Top of THE DATA
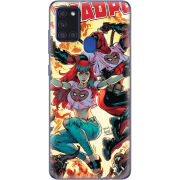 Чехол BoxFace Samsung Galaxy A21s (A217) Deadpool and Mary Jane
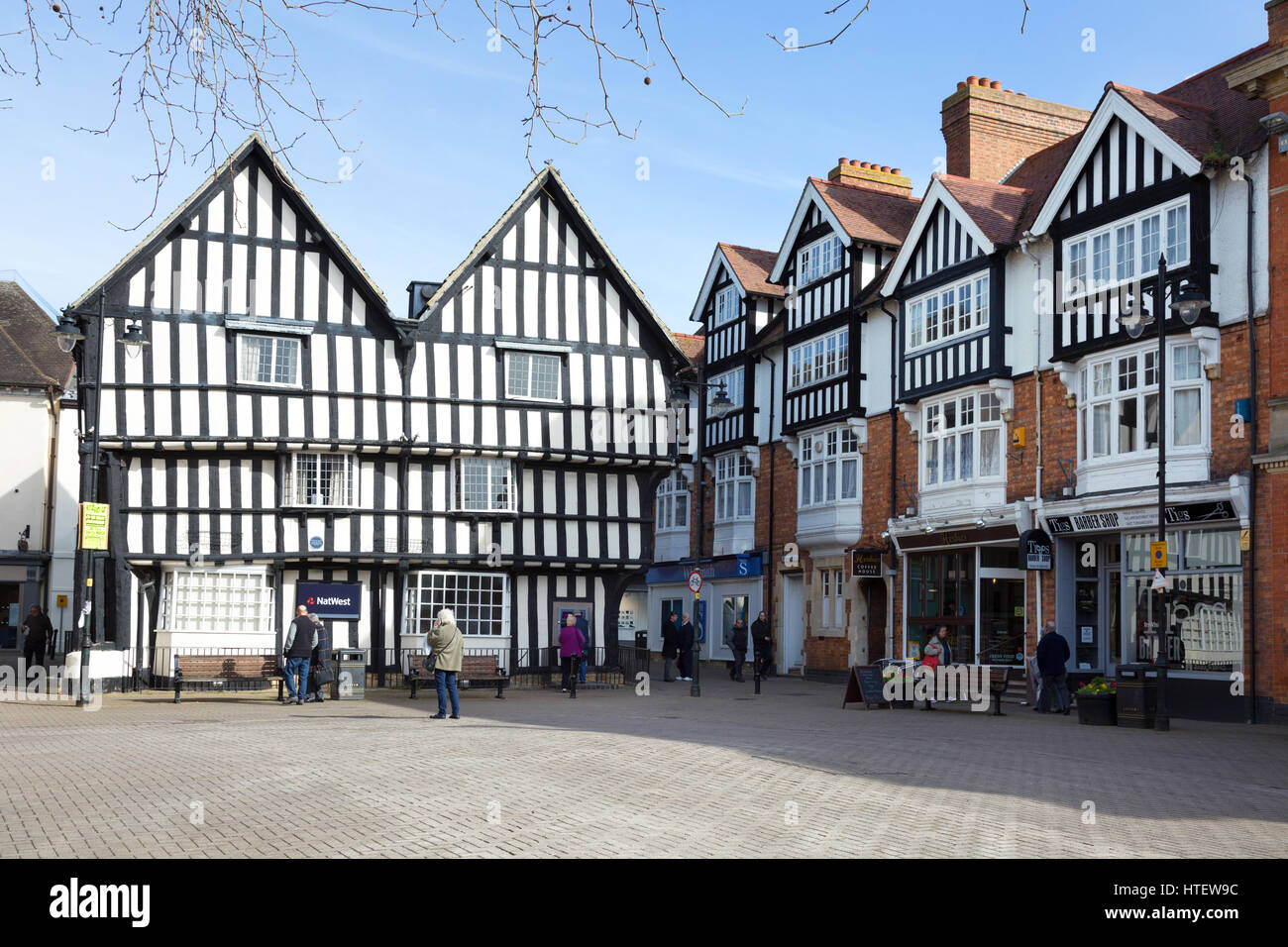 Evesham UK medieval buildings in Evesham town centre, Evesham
Bottom of THE DATA
Top of THE DATA
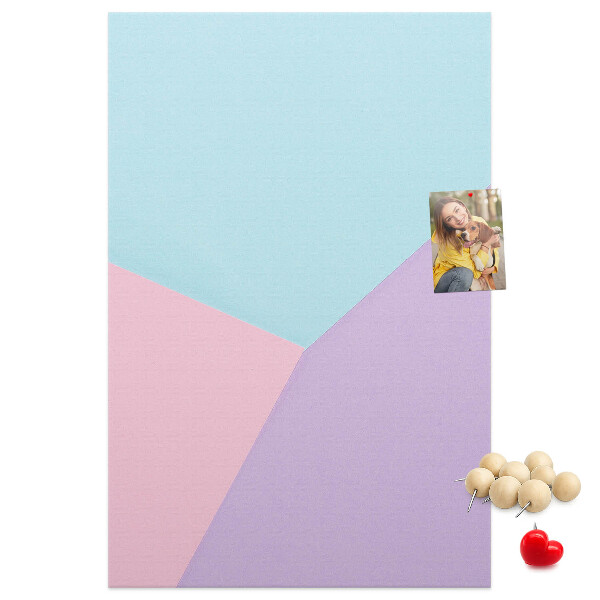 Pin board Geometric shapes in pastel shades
Bottom of THE DATA
# WHAT YOU ARE ASKED TO DO:
Every line from the one with "Чехол BoxFace Samsung" through the one with "Evesham UK medieval" is to be reproduced exactly as written above, and the pictures are to be dropped.

# OUTPUT FOR THIS TASK:
 Чехол BoxFace Samsung Galaxy A21s (A217) Deadpool and Mary Jane
 Evesham UK medieval buildings in Evesham town centre, Evesham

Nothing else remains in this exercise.